For the uninitiated, Mr. Driller and his cohorts are skilled, futuristic-looking miners that put their drilling abilities to good use. Susumu, Puchi, and company are tasked with boring large holes in the Earth's crust in various locations throughout the world. Each location is progressively more difficult to complete as the tunnels that need to be drilled get deeper and deeper. The objective in each level is to reach the target depth without getting squashed or running out of oxygen. This is more difficult than it sounds as blocks of similar colors lump together and disappear, often causing the blocks above to fall on your character's head. Moreover, if you drill deep enough, your air supply will quickly dwindle. In order to survive, you'll have to choose the most expeditious route and collect enough air tanks to get you through to the end. The more blocks you destroy, creatures you uncover, treasures you claim, and layers you plow, through the more points with which you are rewarded. Gameplay is both very challenging and very addictive.
So why am I giving Mr. Driller Online such a low score if gameplay is both demanding and engrossing? Because the execution in this particular version of the game is so poor! For starters, there are only two meager game modes on the single player side. Standard Driller has you simply breaking blocks in an attempt to get to the bottom and pass the location. Quest Driller sounds like it could be more interesting, as if you're going to go on some cool adventure. Alas, the only difference between the two modes is in Quest Driller you will have to complete a particular task before getting to the end of the layer. These objectives include getting through the layer in a certain amount of time, using a limited number of air tanks or breaking a large quantity of blocks. If you get to the end of the layer before completing the "Quest" the game will end regardless of how many lives you have left. Namco really needed to include a few more modes to provide a bit more variety. Why didn't they include Pressure Driller or Time Attack? Consequently, the lack of modes really makes the single player game feel shallow.

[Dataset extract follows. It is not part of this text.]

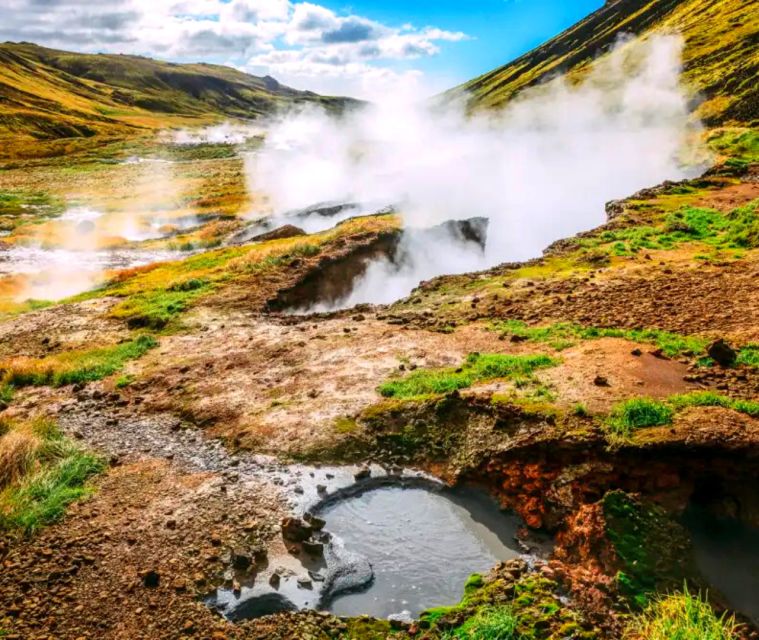 From Reykjavik: Helicopter Tour to Hengill with Landing - What the Hellisheiði views reveal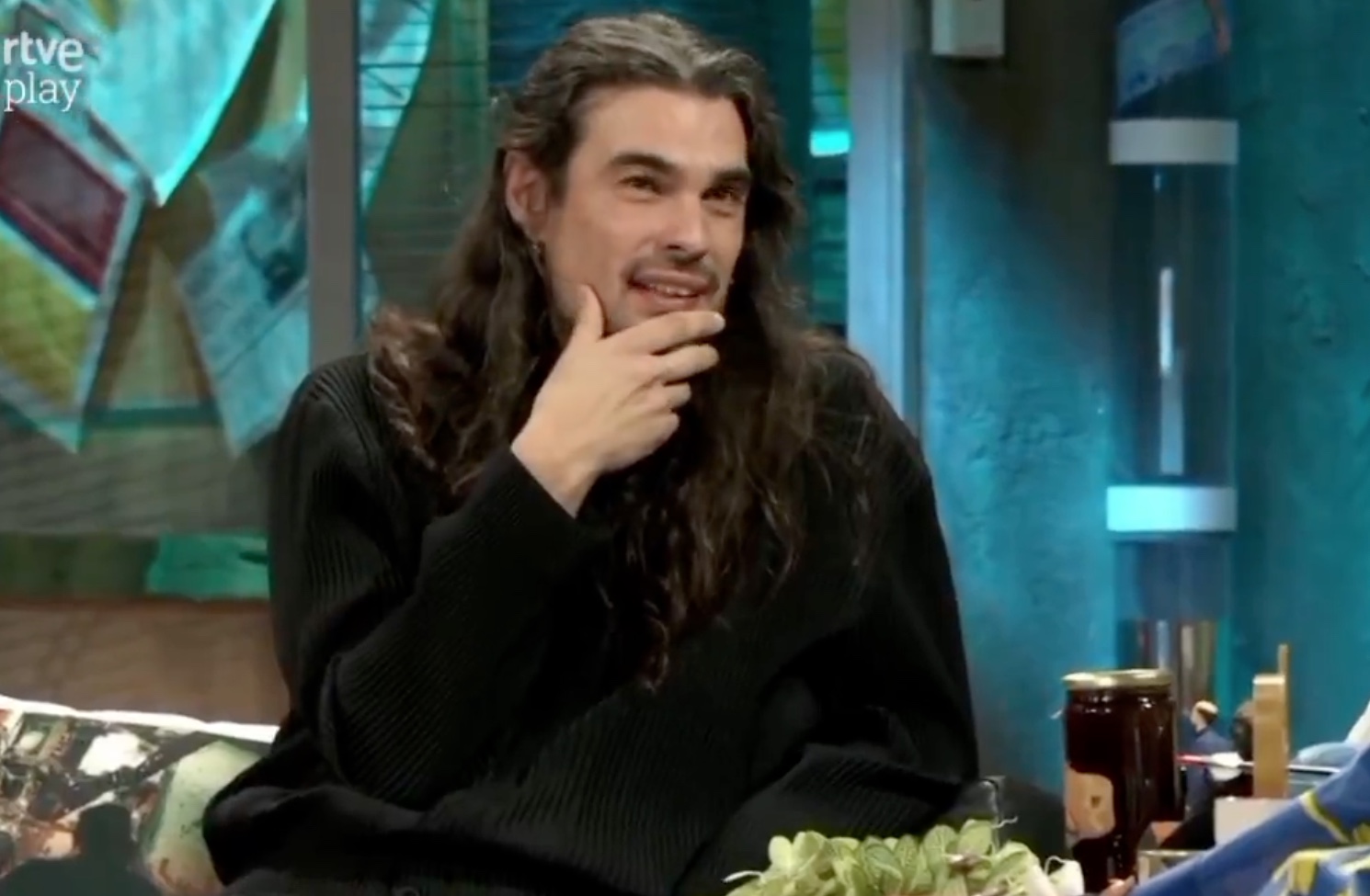 "Se inscrevessem um sapato, todos votariam", ironiza diretor espanhol sobre brasileiros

Second, the visuals are terrible. When I first entered the game, I was greeted by a wonderfully sharp welcome screen full of familiar characters and vibrant colors. However, once I got into the actual game, I was miffed by the tremendously blurry graphics. To make matters worse, the juxtaposition of the crisp widescreen frame and the fuzzy central playing field accentuates just how bad the game really looks. It's as if the title was directly ported on to the 360 from the PlayStation or Dreamcast and no one bothered to take the time to clean it up even a little bit. Namco spent no money and took no care in the creation of this game, and it definitely shows.
Third, and most importantly, the online offering is so full of problems it can only be described as broken. As a result, there is no one playing online. You will be immensely hard-pressed to get a game put together in under a half hour. If you try to use the quick match function, you'll never find a game, so it is best if you host your own and wait for others to find you. If you happen to get a few other unfortunate purchasers together, you'll be subjected to painful gameplay. In fact, it is so unbearable that you'll probably laugh at just how bad it is.